==== Material to process
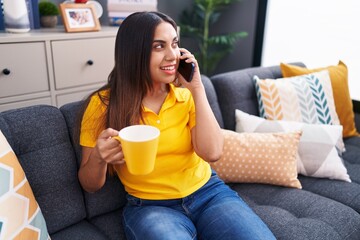 Young beautiful arab woman talking on smartphone drinking coffee at home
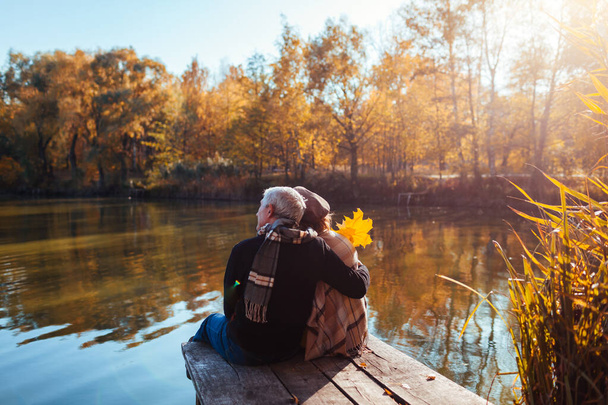 Senior family couple relaxing by autumn lake. Man and woman enjoying natural landscape and hugging sitting on pier - Foto, immagini
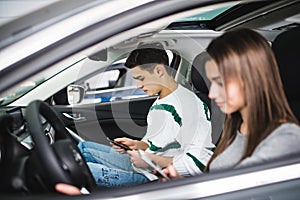 Portrait of a young couple use phones, texting and driving together, as seen through the windshield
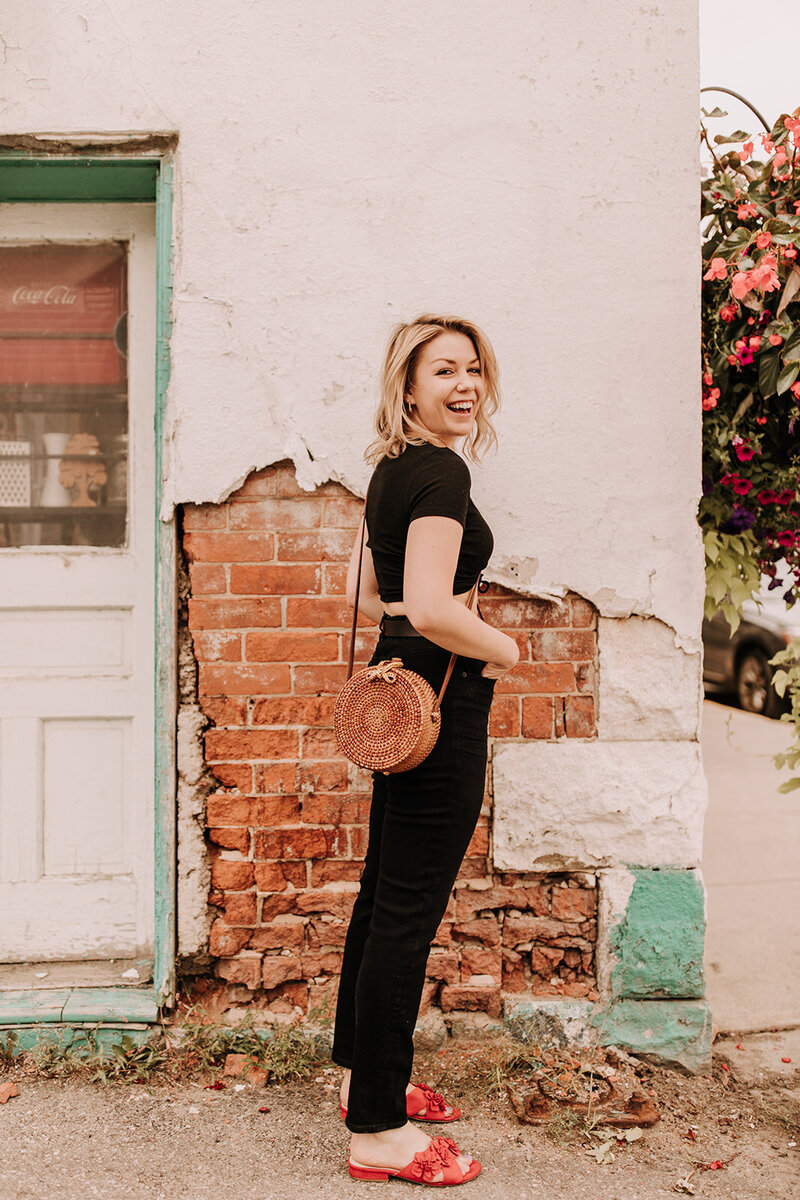 Lauren Hughes is standing next to a brick wall and floral hanging basket smiling. She's wearing all black, red shoes and a circular basket bag.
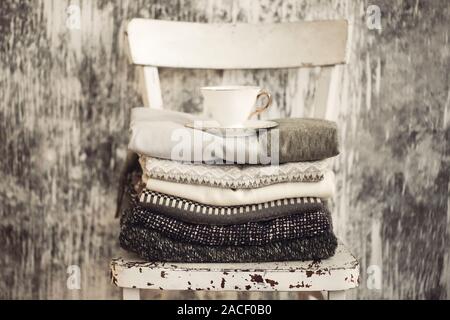 Stapel der gestrickte warme grauen und weißen Decken, Schals und Pullover aus Wolle für den Winter oder Herbst kalten Wetters auf weißen Hocker in der Nähe von weißen und grauen Wand- und Stockfoto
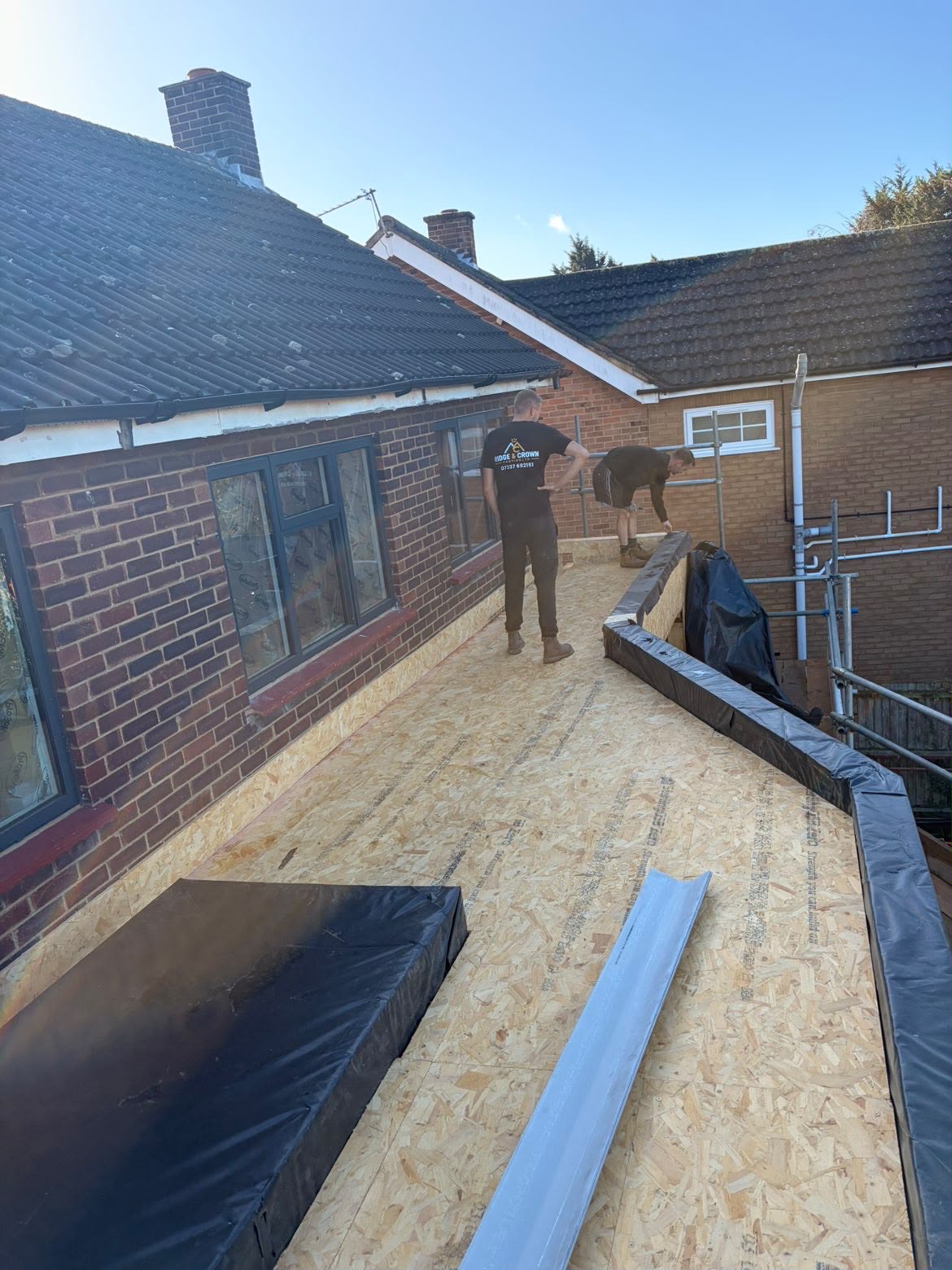 Flat roof extension deck being laid beside the pitched main roof of a house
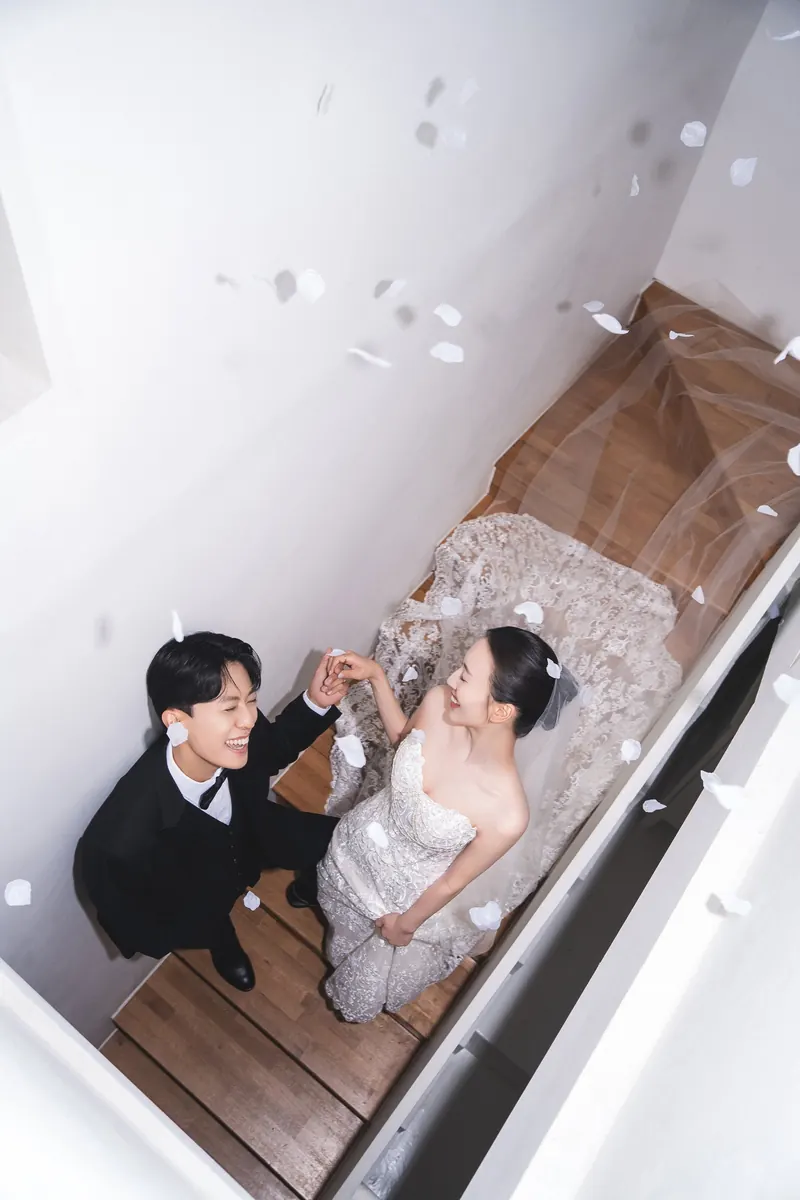 꽃잎이 흩날리는 계단 위 신랑 신부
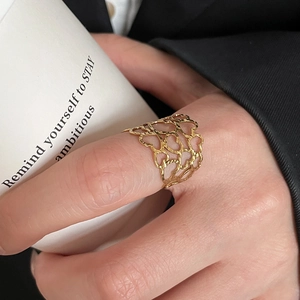Detail showing gold heart cutout ring with refined hammered metal texture on fingers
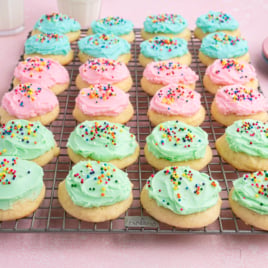 Rows of sour cream cookies with pink and green frosting and colorful sprinkles cool on a wire rack. Glasses of milk and plates sit in the background atop a cheerful pink surface.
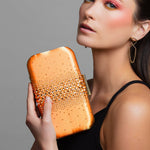 Woman holding an orange Austrian crystal clutch with teal lining in honor of Taylor Swift's Life of a Showgirl album against a gray background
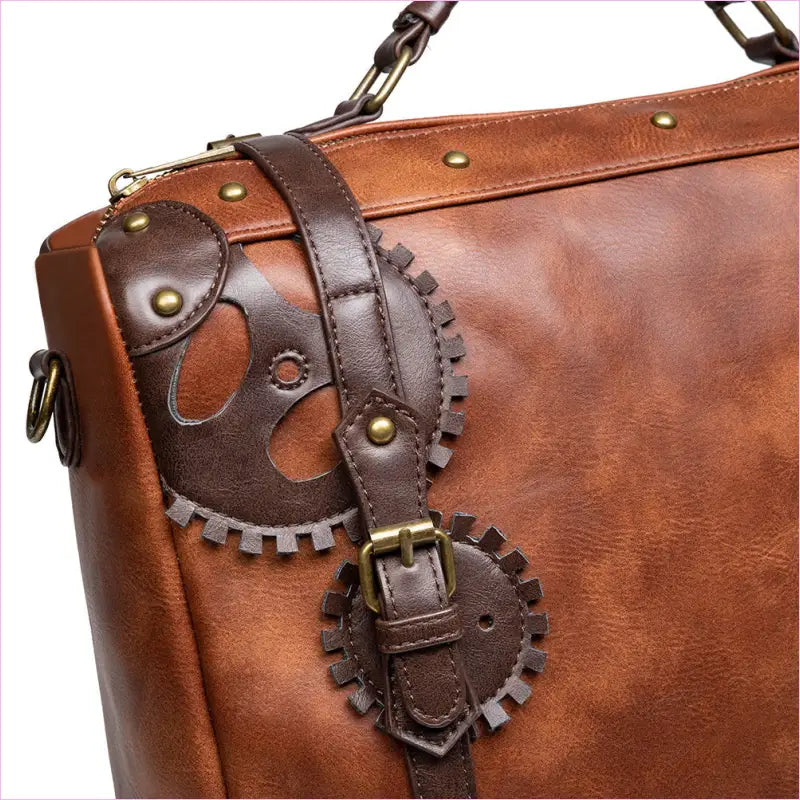 Brown leather briefcase with decorative gear-shaped embellishments and brass hardware.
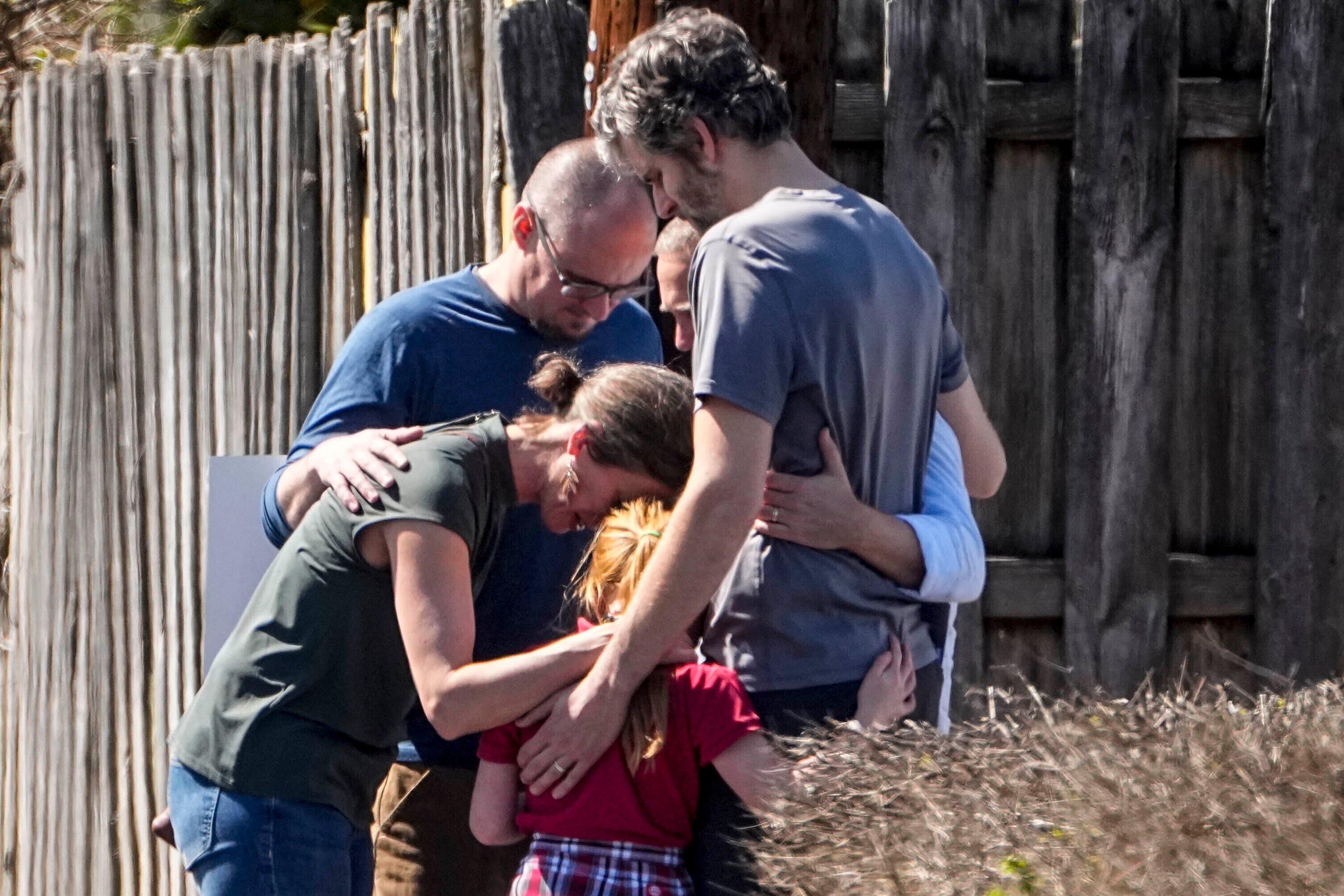 A group prays with a child outside the reunification center at the Woodmont Baptist church after a school shooting, Monday, March 27, 2023, in Nashville, Tenn.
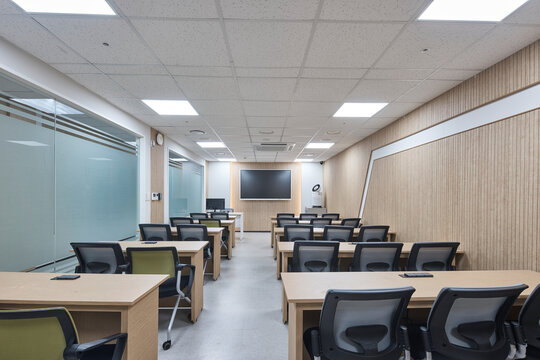 Modern classroom or computer lab with desks and chairs, empty interior.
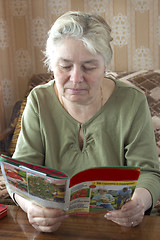 Image showing An elderly woman reading a magazine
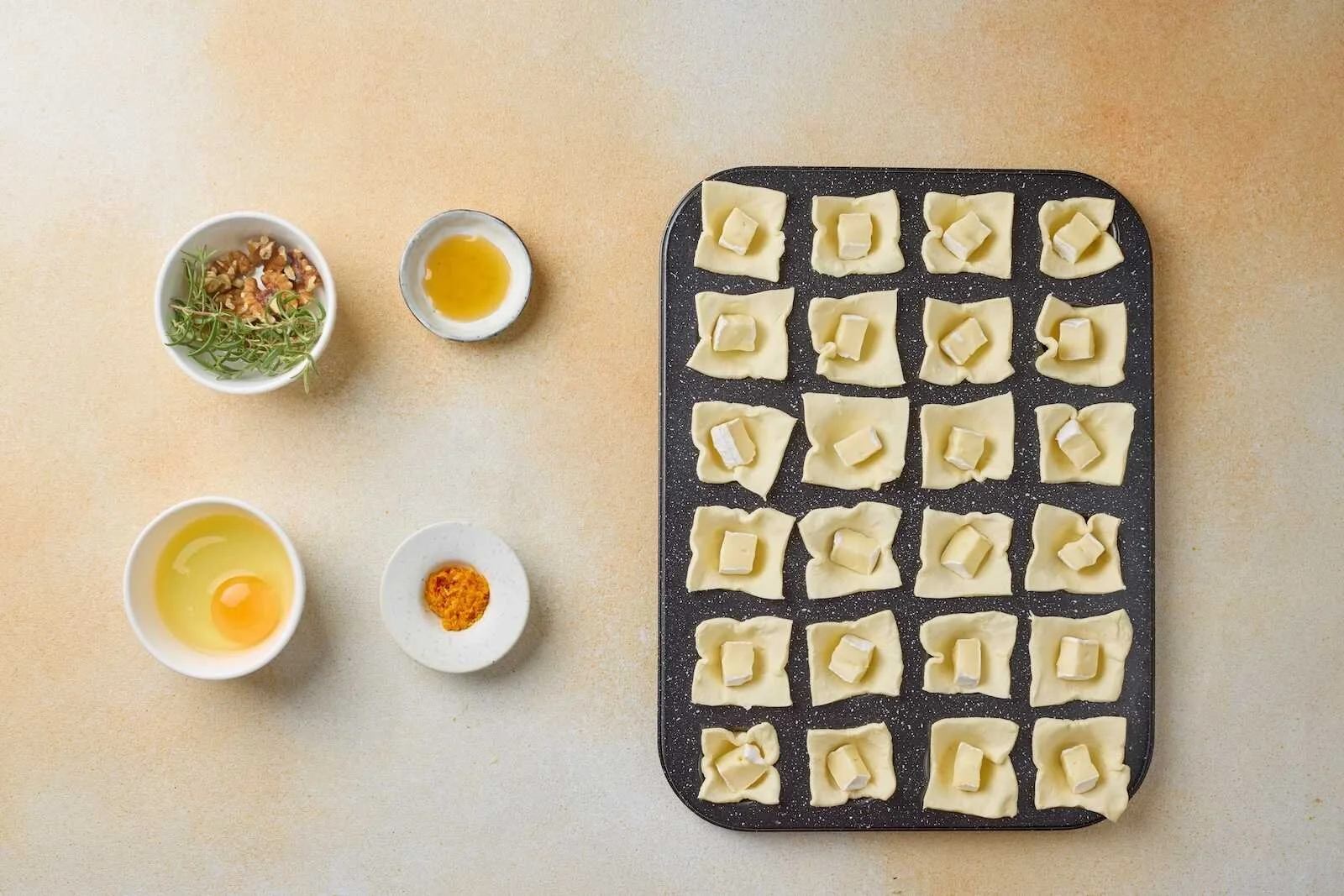 Brie cheese cubes placed inside puff pastry cups in a mini muffin pan while preparing Holiday Heaven Bites with rosemary, walnuts, honey, and orange zest.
========
◆ Activity: Reproduce every entry word for word, but skip any pictures.

◆ Response to the task:
 Young beautiful arab woman talking on smartphone drinking coffee at home
 Senior family couple relaxing by autumn lake. Man and woman enjoying natural landscape and hugging sitting on pier - Foto, immagini
 Portrait of a young couple use phones, texting and driving together, as seen through the windshield
 Lauren Hughes is standing next to a brick wall and floral hanging basket smiling. She's wearing all black, red shoes and a circular basket bag.
 Stapel der gestrickte warme grauen und weißen Decken, Schals und Pullover aus Wolle für den Winter oder Herbst kalten Wetters auf weißen Hocker in der Nähe von weißen und grauen Wand- und Stockfoto
 Flat roof extension deck being laid beside the pitched main roof of a house
 꽃잎이 흩날리는 계단 위 신랑 신부
Detail showing gold heart cutout ring with refined hammered metal texture on fingers
 Rows of sour cream cookies with pink and green frosting and colorful sprinkles cool on a wire rack. Glasses of milk and plates sit in the background atop a cheerful pink surface.
 Woman holding an orange Austrian crystal clutch with teal lining in honor of Taylor Swift's Life of a Showgirl album against a gray background
 Brown leather briefcase with decorative gear-shaped embellishments and brass hardware.
 A group prays with a child outside the reunification center at the Woodmont Baptist church after a school shooting, Monday, March 27, 2023, in Nashville, Tenn.
 Modern classroom or computer lab with desks and chairs, empty interior.
 Image showing An elderly woman reading a magazine
 Brie cheese cubes placed inside puff pastry cups in a mini muffin pan while preparing Holiday Heaven Bites with rosemary, walnuts, honey, and orange zest.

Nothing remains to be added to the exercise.